In the records below, find the line with "Ball Python: Amazing Facts" and repeat exactly every line from it through the line with "wandelingen mg-gooik-bornem-boekhoute-eksaarde 017". Pictures stay out.

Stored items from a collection

*-*-*

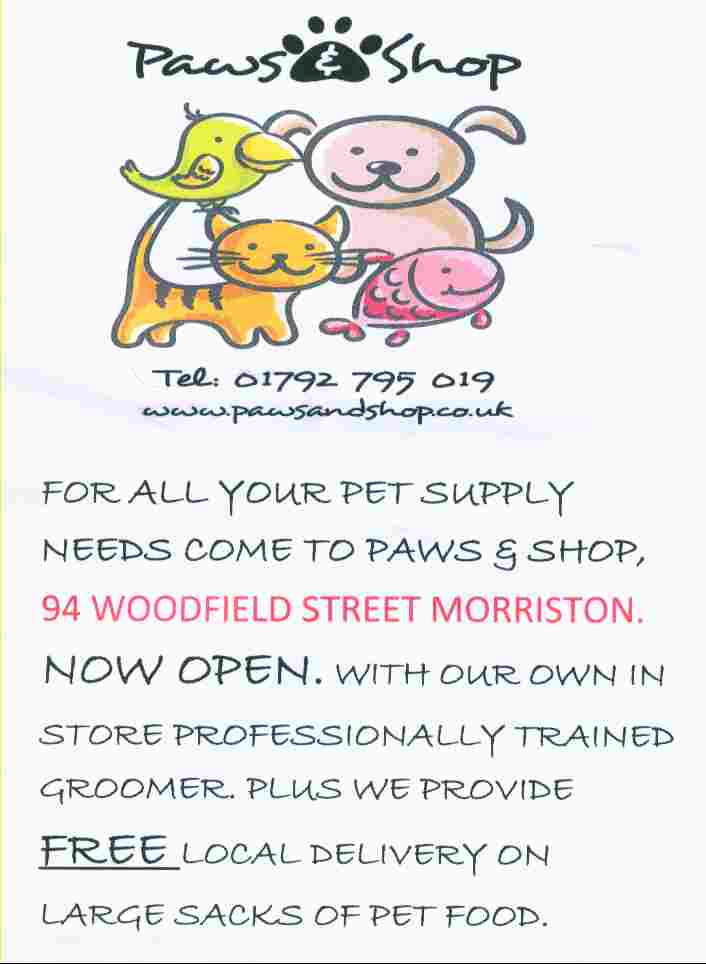 swansea pet shop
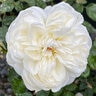 Rosa Floribunda Romantica Bolero Rose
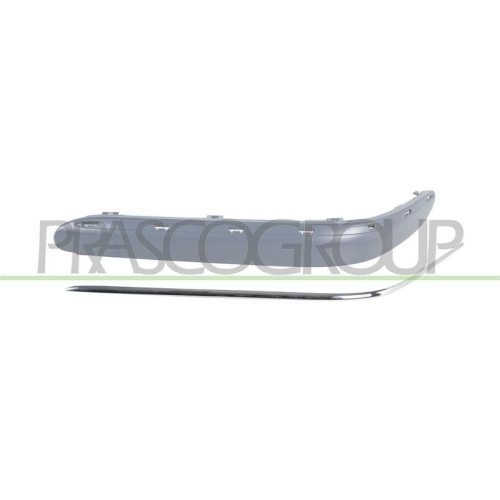 PRASCO Zier-/Schutzleiste, Sto&szlig;f&auml;nger Premium ME0281244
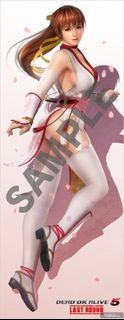 Dead of alive 5 掛畫 絕版 生死格鬥 （全新）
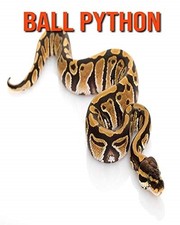 Ball Python: Amazing Facts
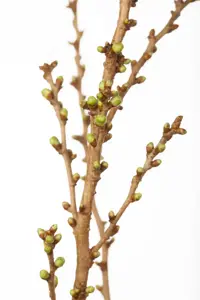Prunus glandulosa 'Alba Plena' - P9 - image 3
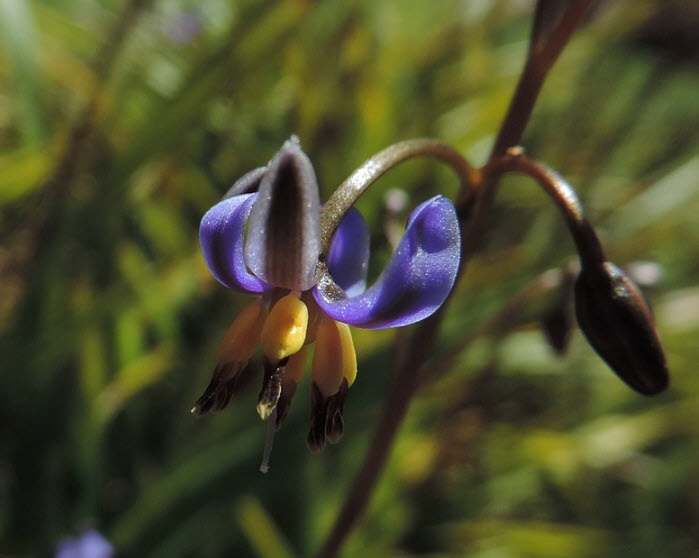 Dianella tasmanica - Tasmanian Flax Lily | PlantMaster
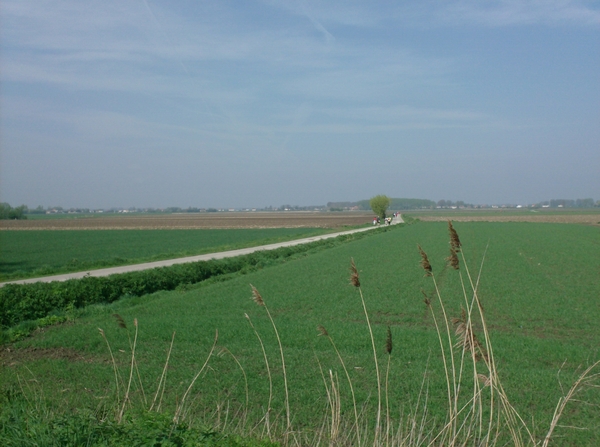 wandelingen mg-gooik-bornem-boekhoute-eksaarde 017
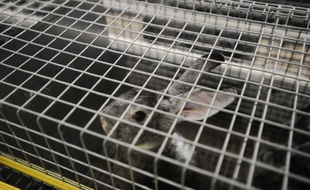 Un lapin Orylag, photographié le 19 septembre 2017, dans un élevage de l'ouest de la France. L'association L214 dénonce les conditions de promiscuité extrêmes que ces élevages intensifs imposent aux animaux.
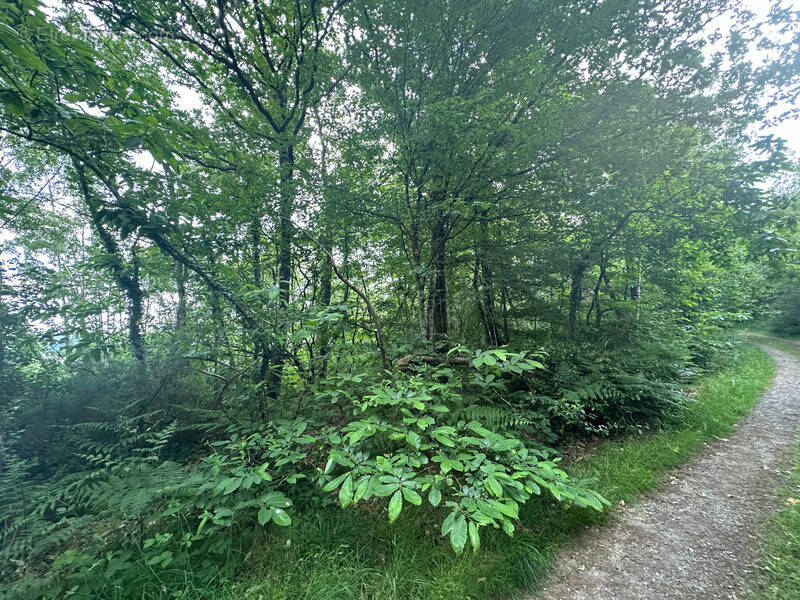 Terrain à RIEUX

*-*-*

▸ **ANSWER BELOW**:
 Ball Python: Amazing Facts
Prunus glandulosa 'Alba Plena' - P9 - image 3
 Dianella tasmanica - Tasmanian Flax Lily | PlantMaster
 wandelingen mg-gooik-bornem-boekhoute-eksaarde 017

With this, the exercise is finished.